Ever heard of the term price elasticity? Unless you’ve been an economics student or specialise in retail pricing, the phrase might raise quite a few eyebrows. But it’s one of the most important phrases in the retail and merchandising world that is largely unknown.
Retailers, especially in post-holiday season, can end up with heaps of unsold, surplus stock. To move this stock, they may slash their prices – but knowing how much to reduce prices in order to move stock and protect margins, or how to best drive revenue if margins can’t be made, depends on setting the optimal price in line with demand.
Understanding price elasticity enables you to choose the price that is most likely to shift the amount of stock you have in the timeframe you need to do it in. Yet without the right insights, retailers could reduce prices too much and therefore miss out on profits, or not reduce them enough and end up with money going down the drain in housing stock or wasting it.
So, how does it work?
Getting to grips with price elasticity
Price elasticity is the relationship between how changing the price of a product will impact demand. How easily it changes demand equates to how elastic the product is. So, if it’s very elastic, you only need to drop the price slightly and the rate of sale will dramatically increase. If it’s not elastic, knocking a fiver off, for example, won’t impact the demand at all.
A retailer could end up with products that are really inelastic, such as holding a warehouse of leftover winter coats in February. They might need a 50, 60, 70 per cent discount to be moved on. But instead the retailer keeps the price too high or pays the costs of storing them until autumn (when they might be out of fashion anyway).
Conversely, you might have a highly elastic product like some in-demand trainers that only require a small decrease in price to produce high demand. But when sale periods approach, the retailer ends up slashing the prices too much. They might mark them down from £100 to £60 and they fly off the shelves in three weeks instead of the anticipated timeline of 12 weeks.
With hindsight, they could have priced them at £85. But because they didn’t have the data to show them how in demand they were, they couldn’t find the right price. And that’s where AI is needed.
Getting your systems up to speed
Nowadays, the market and trends move so quickly that without AI it’s incredibly hard to accurately work out the optimal price for products and to make them as elastic as possible.

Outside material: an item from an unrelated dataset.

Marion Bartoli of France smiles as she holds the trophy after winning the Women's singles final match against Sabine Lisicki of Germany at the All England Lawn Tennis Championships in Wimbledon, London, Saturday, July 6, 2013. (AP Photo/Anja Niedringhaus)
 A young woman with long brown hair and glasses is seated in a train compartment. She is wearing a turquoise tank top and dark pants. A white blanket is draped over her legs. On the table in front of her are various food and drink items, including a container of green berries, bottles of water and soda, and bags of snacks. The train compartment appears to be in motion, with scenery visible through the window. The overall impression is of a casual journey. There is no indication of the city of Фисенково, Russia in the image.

AI works best when it comes to objectively analysing a range of data points and then making recommendations from that data – and that’s exactly what calculating price elasticity needs.
Using AI models, retailers can analyse and model hundreds of thousands of stock and price combinations, accessing individual price elasticity models for each product to visualise the impact on demand with and without various promotions and for different time periods.
But how do retailers integrate AI into their operations?
Retailers need to move at pace. Many companies are tied to cloud data management systems which are business critical. Attempting a complex and time-consuming migration, or even trying to replace the system altogether, will just leave them playing catchup and footing a higher bill. We actually spoke with a company who said they should be migrating their SAP within a decade – a decade!? Nobody’s got time for that.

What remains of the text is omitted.